The International Atomic Energy Agency (IAEA) has announced that successful tests of a "promising technology" for moving and storing low-level radioactive sealed sources are "paving the way" for a new disposal method for dealing with small volumes of radioactive waste around the world. The proof of concept for the technology was tested in Croatia late last year without the use of actual radioactive material, the IAEA said on 11 January.
|IAEA engineers and a Croatian radiation protection company test a new system used to safely and securely dispose of low-activity sources in boreholes (Image: L Gil Martínez/IAEA)
Equipment tests conducted by IAEA engineers and a Croatian radiation protection company confirm the feasibility of a system used to safely move and insert low activity sources as part of borehole disposal, the IAEA said. The tested technology, developed for disused sources with low levels of radioactivity, relies on a robust metal platform and a mobile container called a transfer cask, which is used to move the sources into the borehole safely.

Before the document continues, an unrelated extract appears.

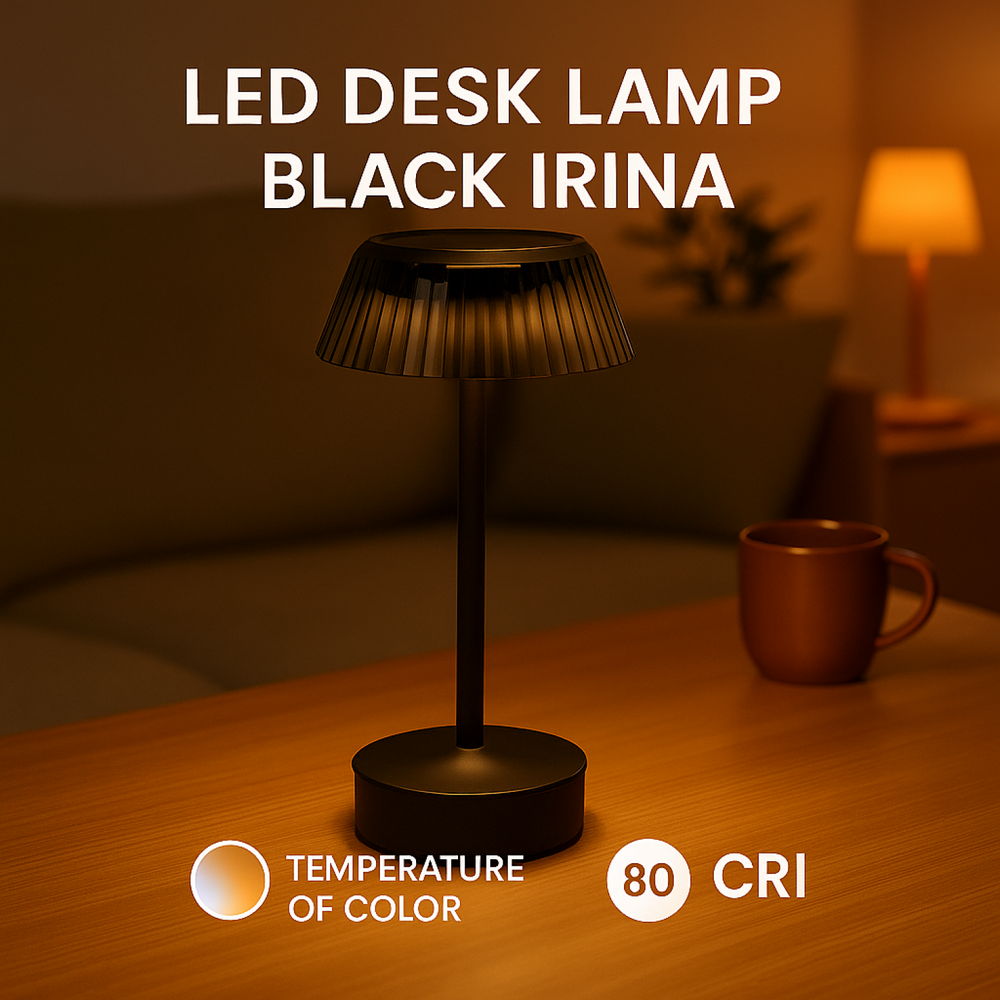 Lampada da tavolo Led touch Irina 2W Nera CCT temperatura colore regolabile portatile a batteria ricaricabile USB M mimotec - Foto 2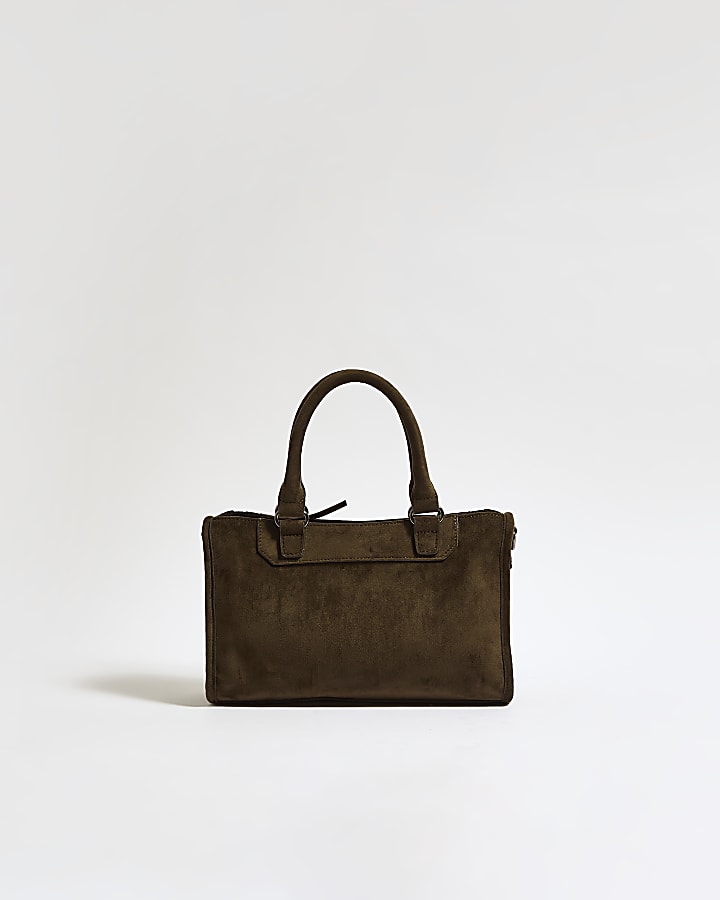 Khaki Faux Suede Zip Panel Tote Bag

The method, which involves placing and covering sealed sources in a narrow hole a few hundred metres deep, would allow countries to safely and securely take charge of their own disused radioactive sources, the Vienna-based agency said. Virtually all countries use radioactive sources in health care, industry and other sectors. Many, though, do not have the equipment or staff needed to deal with these once they are no longer usable, it said.
Under typical circumstances, it added, a developing country using sealed radioactive sources may generate hundreds of disused sources with low levels of radioactivity over several years, according to IAEA estimates.
Andrew Tompkins, a nuclear engineer at the IAEA, said in the statement: "Low activity sources pose the larger challenge because they exist in large quantities around the world and in different forms and variations."
In most developing countries, sealed radioactive sources are stored temporarily. Some developed countries have disposal facilities close to the surface, the IAEA said. Both of these pose a security risk if they are not sufficiently protected, it said, adding that the new disposal method represents a "long-term solution to this problem that will ultimately help protect people and the environment".
Before disposal, all sources are treated and repackaged through a process called conditioning. The typical amount generated by a developing country each year takes up less than a cubic metre, the IAEA said.
Once the borehole is in place, the conditioned sources will be loaded into a specially-designed canister, or disposal package, which is then sealed. The sealed canister will then be placed inside the transfer cask and moved over - and eventually into - the borehole. Janos Balla, a waste technology engineer at the IAEA, added that the technology is "simple, affordable and can be deployed worldwide".
An "important driver" behind the development of the new method is increasing nuclear security, the IAEA said.
"Given that disused sources remain radioactive, we want to limit the probability of these being reached and used for terrorist activities," said Gert Liebenberg, a nuclear security officer at the IAEA. "Once in the borehole, they are no longer easily accessible to anyone."
The original borehole idea was developed by the South African Nuclear Energy Corporation, and subsequently adapted by the IAEA to incorporate the disposal of sources with higher levels of radioactivity. Today, borehole technical preparations and safety assessments are taking place in several countries, including Malaysia and the Philippines, so that the method can be implemented in the coming years.
Last week, the US Department of Energy announced it had selected a team led by Battelle Memorial Institute to drill a 16,000 feet (4880 metre) test borehole into a crystalline basement rock formation in North Dakota as part of studies into the feasibility of using boreholes for nuclear waste disposal.